Recommendations and Response

We made several recommendations to the Department of Planning and Permitting to improve its effectiveness and efficiency in administering unilateral agreements for affordable housing. We recommended that the department establish formal policies and procedures for administering unilateral agreements, including monitoring requirements.

We also suggested that the department maintain a matrix or database with accurate, verifiable data, including historical data of all affordable housing units built under unilateral agreements.

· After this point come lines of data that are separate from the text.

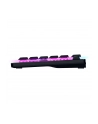 RAZER DeathStalker V2 Pro Tenkeyless US Layout - nr 5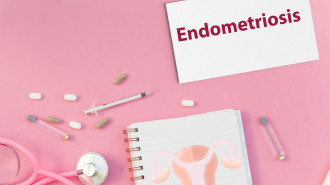 Endometriosis Diagnosis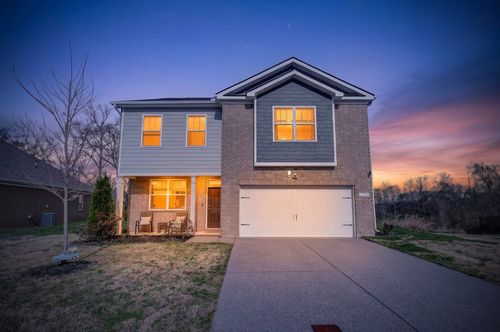 2200 Stonemeade Dr, Spring Hill, TN, 37174-3311 | Card Image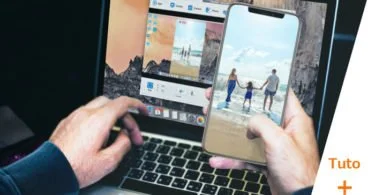 enregistrer-écran-de-iPhone-Mac
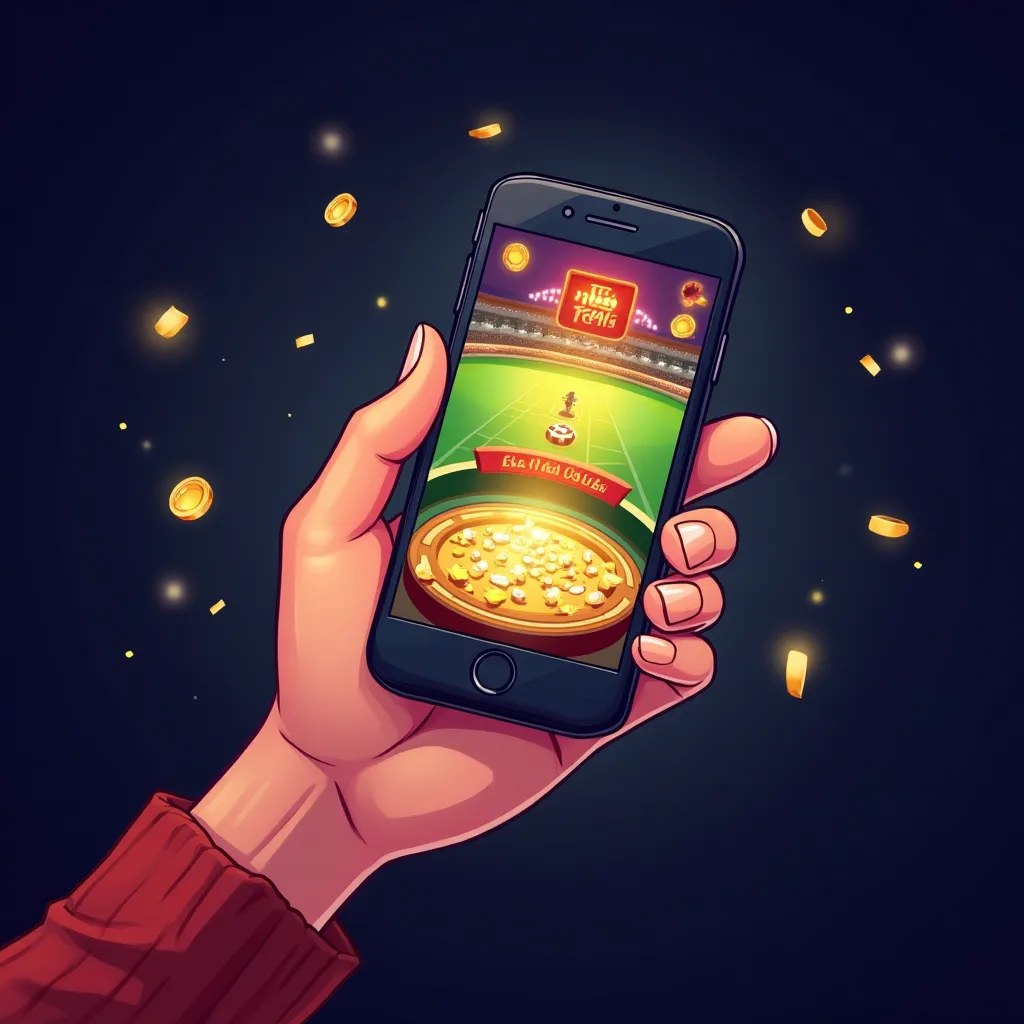 betpawa app device compatibility showcase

In addition, we recommended that the department amend its rules by establishing an in-lieu fee formula that is consistent with established goals and objectives, and by proposing a framework for the accrual and application of excess affordable housing credits. We also suggested that the department establish procedures to document how the delivery options exercised by developers conform to general, development, or sustainable community plan provisions related to affordable housing.

Additionally, we urged the department to report verified affordable housing data in its annual report to the council as required by city ordinance. Finally, we recommended that the department evaluate its staffing allocation for unilateral agreement monitoring and to ensure compliance with future unilateral agreement provisions.

We also recommended that the Honolulu City Council consider amending Section 6-46.2, Revised Ordinances of Honolulu, to specify that in-lieu fees deposited into the Housing Development Special Fund shall be used for affordable housing-related purposes, to clarify and expand the use of in-lieu fees, and to designate a city agency to monitor, plan, and expend in-lieu fees. We also recommended that the council consider further review of the housing development special fund’s expenditures.

In its response to our draft report, the Department of Planning and Permitting expressed concerns that confidential copies of the draft report were provided to others outside of the department and mayor’s office, that the audit was inconsistent with the original intent of Resolution 05-285, CD1, and that the draft report contained errors and inaccuracies. We note that some of the department’s comments, presented as errors or inaccuracies, were clarifying information that enhanced the report, but did not have a substantive effect on the audit findings and recommendations.

In other instances, the department commented on issues outside the scope of this audit. We also noted that some of the purported errors and inaccuracies were based on information provided to us by department staff or the result of information that the department failed to disclose to us during fieldwork. In those instances, the additional information did not have a material effect on our audit findings. However, we acknowledge the validity of some of the department’s comments and have amended the final report to ensure accuracy and clarity.

Finally, the department concurred with the following problems revealed in our audit report: that staffing shortages and competing priorities have resulted in the department using subdivision application or building permit review for unilateral agreement compliance instead of monitoring annual reports; that the state of documentation, archiving, and retrieval of documentation is a challenge; that the backlog in reviews and certifications of developer’s submittals for affordable housing credits have been reduced; and that the departmental rules used for administering the affordable housing agreements need to be updated.

The department also provided several comments on substantive issues that merited a response. For these issues, we explained that information we reviewed supported a contrary view or that data was not provided to us during fieldwork. We also note that the Department of Budget and Fiscal Services declined to submit a separate response to our draft audit report and instead relied on the planning and permitting department to respond on its behalf.

Les Tanaka is the auditor for the City & County of Honolulu.